Sulle celebrazioni, però, aleggia l'ombra dello scandalo di Jeffrey Epstein. Anche se i malumori all'interno del mondo Maga sembrano rientrare, il movimento resta inquieto e frustrato di fronte all'impossibilità di accedere alle carte dell'ex finanziare morto in carcere. Il Wall Street Journal, con la pubblicazione di una lettera del 2003 di Trump a Epstein, ha ricompattato in parte i sostenitori del presidente "vittima" delle fake news. E anche la richiesta al giudice di diffondere le trascrizioni delle testimonianze al gran giurì ha calmato le acque. Ma quanto durerà è tutto da vedere. In Congresso, in un raro slancio bipartisan, molti chiedono alla ministra Pam Bondi di pubblicare le carte che ha già in mano, nell'attesa della decisione del giudice sul gran giurì che potrebbe richiedere tempo.
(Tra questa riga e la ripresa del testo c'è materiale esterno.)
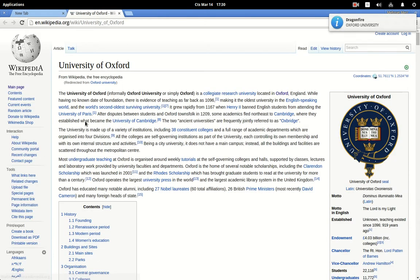The University of Oxford, informally Oxford University, or simply Oxford, is a collegiate research university.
Trump "vittima" delle fake news

Nonostante le tensioni, Trump ha ostentato sicurezza. "I miei numeri nei sondaggi all'interno del partito repubblicano e del Maga sono aumentati da quando è stata scoperta la bufala di Jeffrey Epstein. Hanno raggiunto il 90%, il 92%, il 93% e il 95% in vari sondaggi", ha detto sul suo social Truth. Il caso Epstein ha innervosito il movimento Maga, che per la prima volta si è spinto a criticare il presidente. La pubblicazione della lettera di Trump a Epstein però sembra iniziare a ricompattarlo in quanto Trump viene considerato una "vittima" delle fake news che continuano a girare sui vari portali. Eppure per un presidente che è sopravvissuto a molti scandali, Epstein appare un test che si sta dimostrando più difficile del previsto da superare e che rischia, è la convinzione della Casa Bianca, di offuscare i risultati finora ottenuti dall'amministrazione.

Trump contro i democratici

Il pugno duro sull'immigrazione, la guerra dei dazi, il cambio di posizione in Ucraina e il taglio delle tasse sono i successi che Trump vorrebbe rivendicare davanti ai suoi, al momento però tutti concentrati su Epstein. Uno scandalo che, a suo avviso, è una "bufala" creata dai democratici. Proprio contro i liberal Trump e il suo governo stanno alzando il tiro: il presidente ha accusato Barack Obama e i suoi "delinquenti" di frode elettorale dopo che la direttrice all'intelligence, Tulsi Gabbard, avrebbe trovato prove in grado di dimostrare che i funzionari dell'amministrazione Obama hanno manipolato e nascosto informazioni sulle interferenze russe sul voto del 2016 per indebolire Trump.

Le tensioni con Israele

Intanto, sale la frustrazione dell'amministrazione Trump contro il premier israeliano Benyamin Netanyahu dopo gli attacchi in Siria. "Bibi si è comportato come un pazzo. Bombarda tutto in continuazione", ha detto un funzionario della Casa Bianca ad Axios, osservando come le azioni di Netanyahu potrebbero "indebolire quello che Trump sta cercando di fare". Secondo un altro funzionario Netanyahu è fuori controllo e ha il grilletto facile. "Netanyahu a volte è come un bambino che non si comporta bene", ha aggiunto.

I democratici provano a guardare al futuro

I festeggiamenti per i primi sei mesi alla Casa Bianca cadono a un anno (era il 21 luglio 2024) dalla decisione di Joe Biden di ritirarsi dalla corsa alla Casa Bianca e lanciare Kamala Harris alla presidenza. Dodici mesi che non sono stati ancora sufficienti ai democratici per ritrovare se stessi e guardare avanti. Il partito - riporta il New York Times - sta compiendo "un'autopsia" di cosa sia andato male lo scorso anno, ma l'esame non toccherà le decisioni di Biden e Harris, quasi a esonerare dalle loro responsabilità i vertici del partito complici, secondo molti, del tracollo alle urne. Mentre l'esame è in corso i liberal lavorano alle elezioni di metà mandato e guardano al 2028. I papabili candidati sono già all'opera, tastando il terreno negli Stati chiave e cercando di non ripetere gli errori che hanno consentito a Trump di tornare alla Casa Bianca.